Please login first
Predicting Proteasome Inhibition using Atomic Weighted Vector and Machine Learning
* 1, 2 , 3 , 3 , 3 , 4 , 5
1  Unidad de Toxicología Experimental, Universidad de Ciencias Médicas de Villa Clara, Santa Clara, Villa Clara, Cuba. CP: 50200, Cuba
2  Bioinformatic Research in Systems & Computer Engineering, Carleton University, Ottawa, Canada
3  Department of Computer Sciences, Faculty of Informatics, Camaguey University, Camaguey City, 74650, Camaguey Cuba
4  Departamento de Química, Universidade Federal de Lavras, CP 3037, 37200-000, Lavras, MG, Brazil
5  Institut Universitari de Ciència Molecular, Universitat de València, Edifici d'Instituts de Paterna, P. O. Box 22085, 46071 Valencia, Spain


Ubiquitin/Proteasome System (UPS) is a highly regulated mechanism of intracellular protein degradation and turnover. Through the concerted actions of a series of enzymes, proteins are marked for proteasomal degradation by being linked to the polypeptide co-factor, ubiquitin. The UPS participates in a wide array of biological functions such as antigen presentation, regulation of gene transcription and the cell cycle, and activation of NF-κB. Some researchers have applied QSAR method and machine learning in the study of proteasome inhibition (EC50(µmol/L)), such as: the analysis of proteasome inhibition prediction, in the prediction of multi-target inhibitors of UPP and in the prediction of protein contact map. Following this idea, we applied the new tool for obtaining molecular descriptor for modeling of proteasome Inhibition EC50 (µmol/L), in which has used this novel molecular descriptors (MDs) and different classification algorithms for these quantitative structure-activity relationship (QSAR) studies.

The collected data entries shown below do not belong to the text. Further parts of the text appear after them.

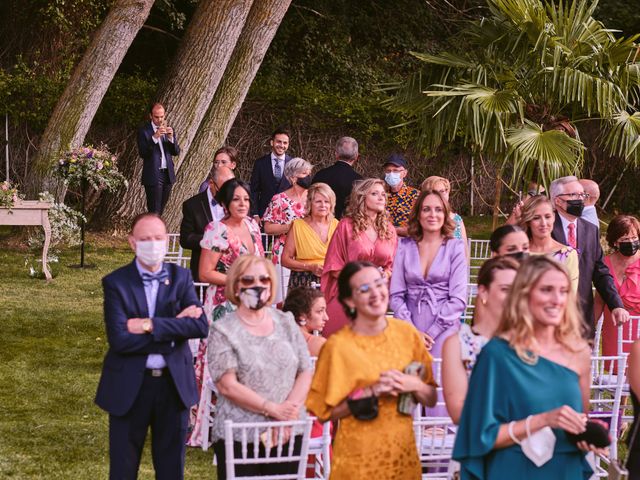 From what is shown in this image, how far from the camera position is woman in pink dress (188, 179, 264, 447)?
741 centimetres

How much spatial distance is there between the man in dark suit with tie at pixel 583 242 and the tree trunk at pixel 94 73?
9641 mm

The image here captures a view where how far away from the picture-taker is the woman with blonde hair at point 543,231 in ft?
23.7

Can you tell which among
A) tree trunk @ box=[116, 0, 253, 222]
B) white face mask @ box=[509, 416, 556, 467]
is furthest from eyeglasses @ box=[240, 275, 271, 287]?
tree trunk @ box=[116, 0, 253, 222]

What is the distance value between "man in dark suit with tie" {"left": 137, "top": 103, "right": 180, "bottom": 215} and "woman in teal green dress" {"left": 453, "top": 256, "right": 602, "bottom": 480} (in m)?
10.7

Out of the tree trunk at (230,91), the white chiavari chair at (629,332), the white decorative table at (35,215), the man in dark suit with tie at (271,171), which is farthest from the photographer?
the tree trunk at (230,91)

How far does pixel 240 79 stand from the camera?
57.4ft

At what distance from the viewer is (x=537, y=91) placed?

In the present research, we use the Atomic Weighted Vector (AWV) as attributes with the objective to develop the QSAR modeling of this datasets and also compare a set of different machine learning (ML) techniques to solve this problem, such as: Linear Regression (LR), Multiple linear regression (MLR), Decision tree(DT), Regression Tree(RT), Random Forest(RF), M5P, K-nearest neighbors (IBK or kNN), Multi-Layer perceptron (MLP), Best-first search (BF) and Genetic Algorithm (GA). The figure shows the results of R2 of the ML-QSAR using ten- folds cross validation for 258 compounds. The results indicate that AWVs are very important tool for modeling the proteasome inhibitory regardless of the ML algorithm used. It can be suggested that the MD-AWV are suitable for codifying important structural information of the molecules and, thus, constitute an interesting alternative to building effective models for the prediction of the values of EC50 (µmol/L).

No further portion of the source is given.